--- WHAT NEEDS TO BE DONE ---
For this task, copy all of the data below exactly and skip the pictures.

--- SOURCE MATERIAL ---
§

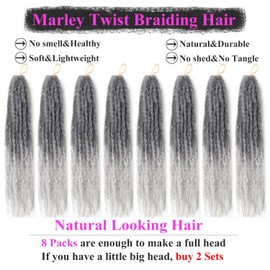 Marley Twist Braiding Hair 24 Inch 8 Packs – Fluffy&Tangle-Free Cuban Twist Hair for Braiding, Natural Look Synthetic Long-Lasting Spring Afro Kinky Twist Hair Extensions (1B/Grey)
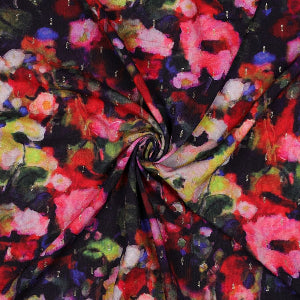 VISCOSE LUREX DIGITAL ABSTRACT - NAVY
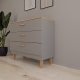 KOCOT Denver Kommode mit 3 Schubladen – Chinchillagraue Spanplatte und natürliches Hickory-/Eichenfurnier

§

--- TASK ANSWER ---
 Marley Twist Braiding Hair 24 Inch 8 Packs – Fluffy&Tangle-Free Cuban Twist Hair for Braiding, Natural Look Synthetic Long-Lasting Spring Afro Kinky Twist Hair Extensions (1B/Grey)
 VISCOSE LUREX DIGITAL ABSTRACT - NAVY
 KOCOT Denver Kommode mit 3 Schubladen – Chinchillagraue Spanplatte und natürliches Hickory-/Eichenfurnier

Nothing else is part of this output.